- **Working data**
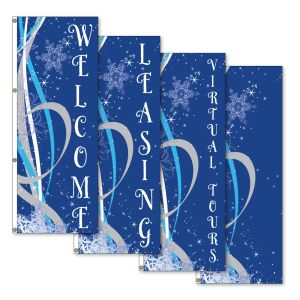Vertical Flags - Blue Swirl Snowflakes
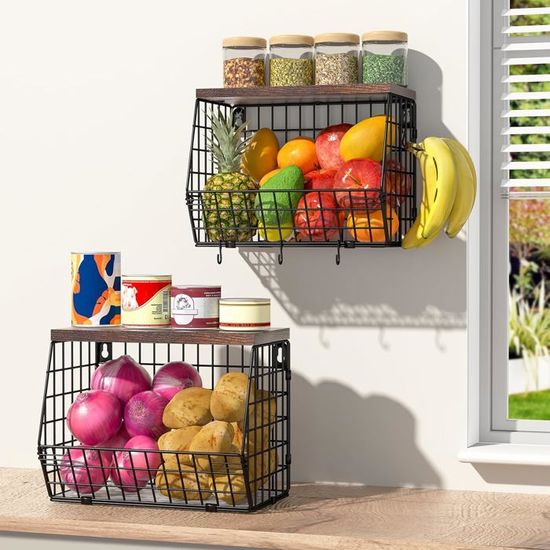 2 Paniers à Fruits Muraux Empilables - Métal Avec Planche En Bois, Crochets à Bananes Inclus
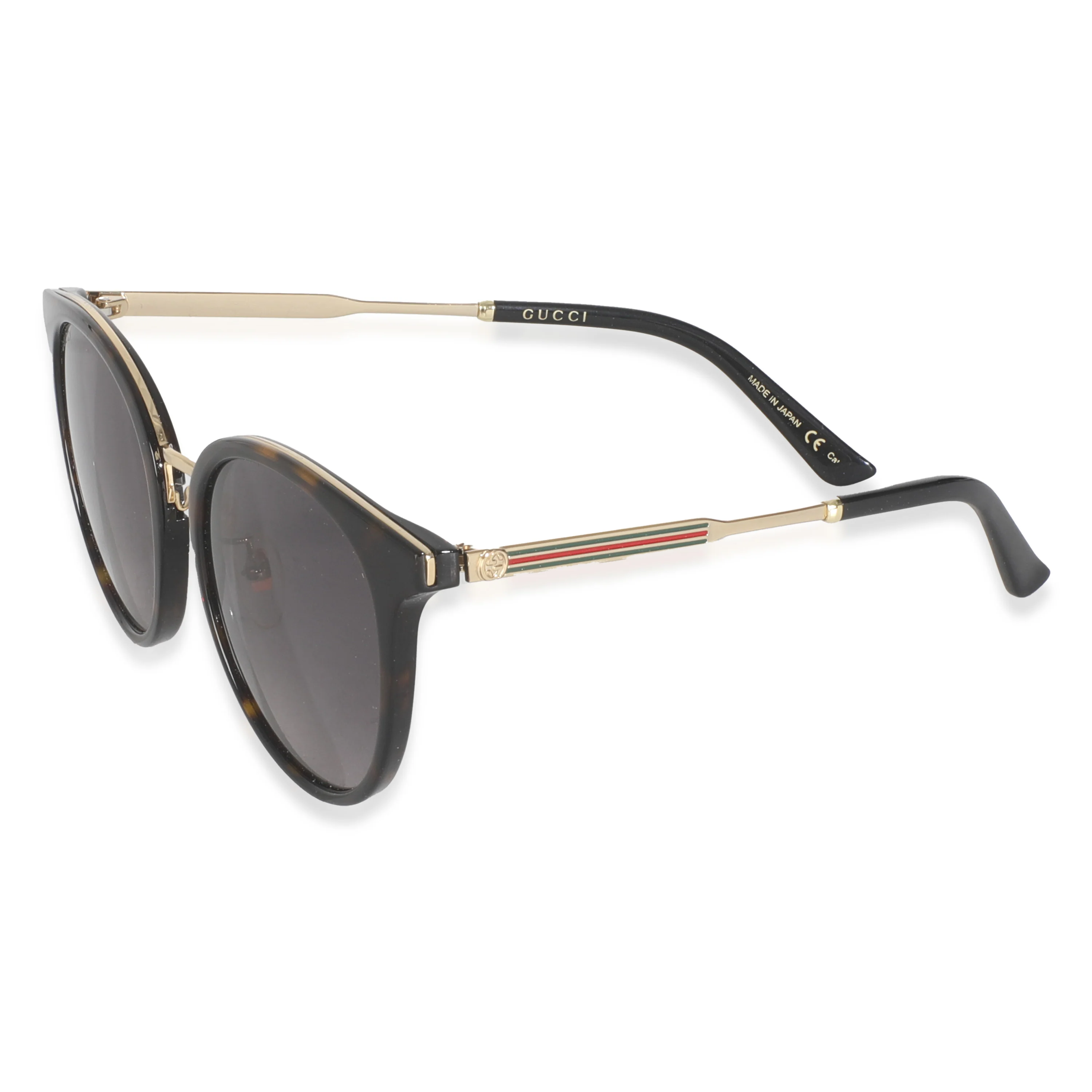 Brown Lens Acetate Gold Cat Eye Sunglasses - Image 2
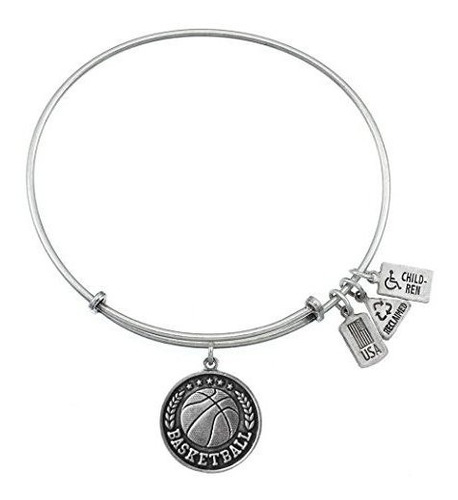 Brazalete - Wind And Fire Basketball Silver Medal Charm Bang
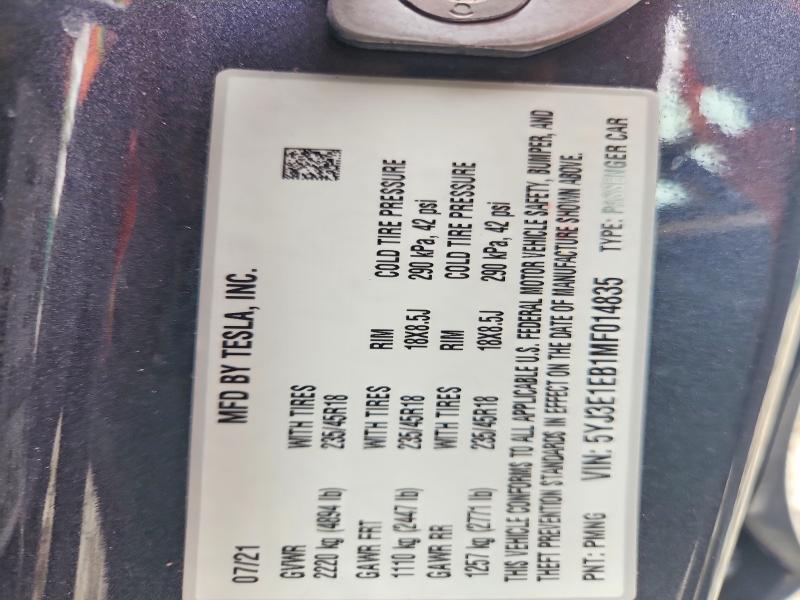 Продажа на аукционе авто 2021 Tesla Model 3, vin: 5YJ3E1EB1MF014835, номер лота: 51365066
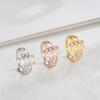 Women's Ring Stainless Steel Filigree Flower Gold Party Finger Rings Love Jewelry Anniversary Gifts for Women Femme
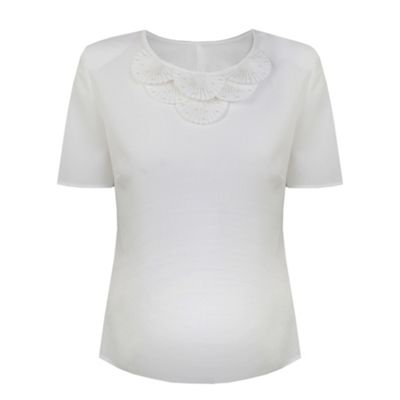 Eastex Short Sleeve Fan Cluster Over The Head Blouse
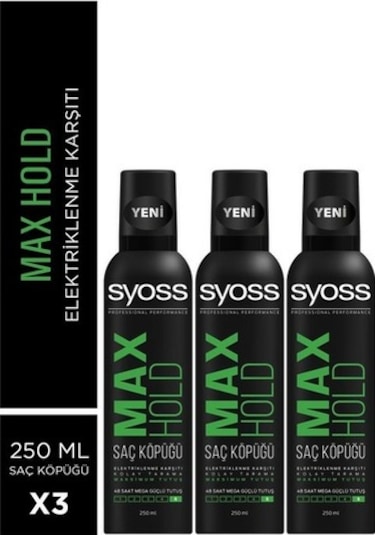Syoss Köpük Maximum Tutuş Saç Spreyi 3 x 250 ML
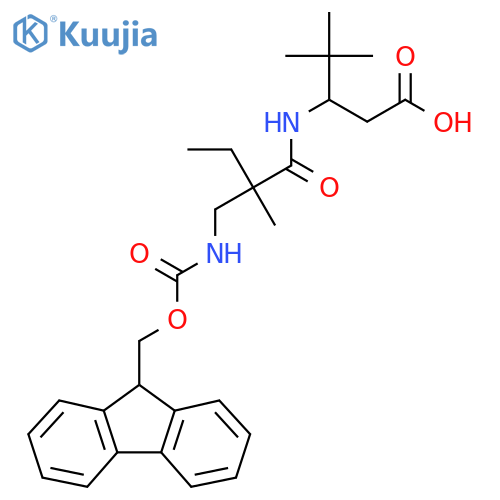 3-{2-({(9H-fluoren-9-yl)methoxycarbonyl}amino)methyl-2-methylbutanamido}-4,4-dimethylpentanoic acid structure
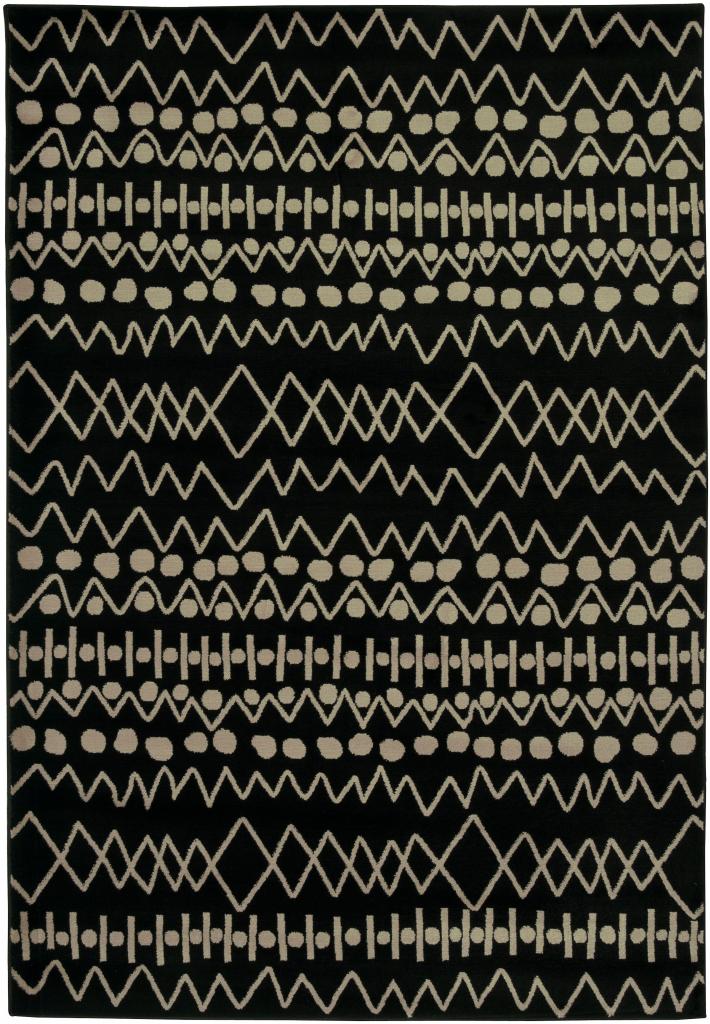 Power loomed Handicraft Imports Gibraltar Black/ Beige 100 percent Heat set Polypropylene Area Rug (53 X 77)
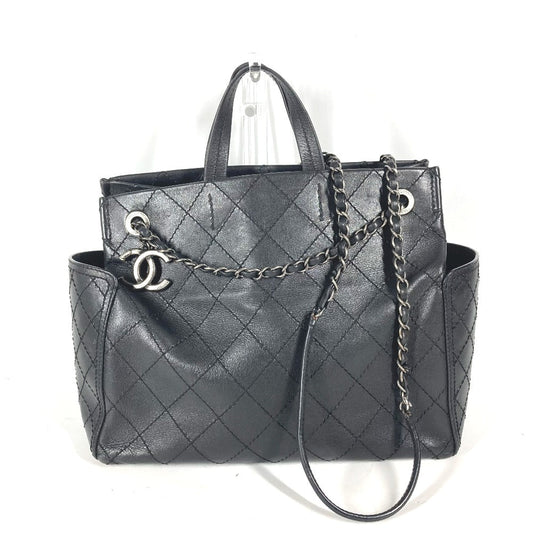 Chanel Shoulder Bag Leather Black Matelasse W Chain Quilting Cc Coco Mark Logo Women Used Authentic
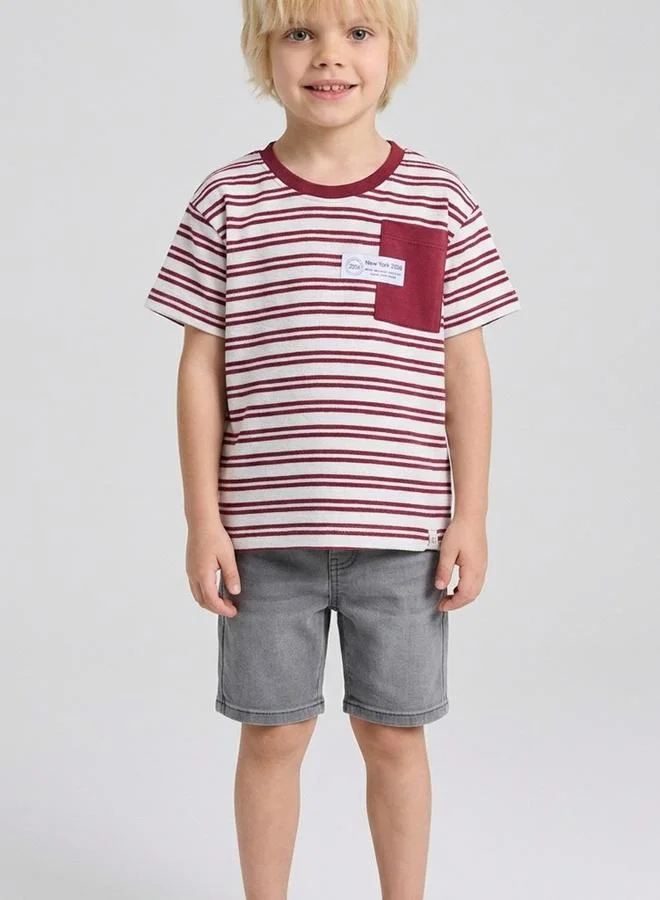 Take Two  Boys Stripe with Patch Pocket T-Shirt By Juniorloom for Men | Best Price UAE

- **Task directions**
Without any pictures, reproduce the lines from the first one in the material through the line that has "Brazalete - Wind", exactly as they appear.

- **Problem solution**
Vertical Flags - Blue Swirl Snowflakes
 2 Paniers à Fruits Muraux Empilables - Métal Avec Planche En Bois, Crochets à Bananes Inclus
 Brown Lens Acetate Gold Cat Eye Sunglasses - Image 2
 Brazalete - Wind And Fire Basketball Silver Medal Charm Bang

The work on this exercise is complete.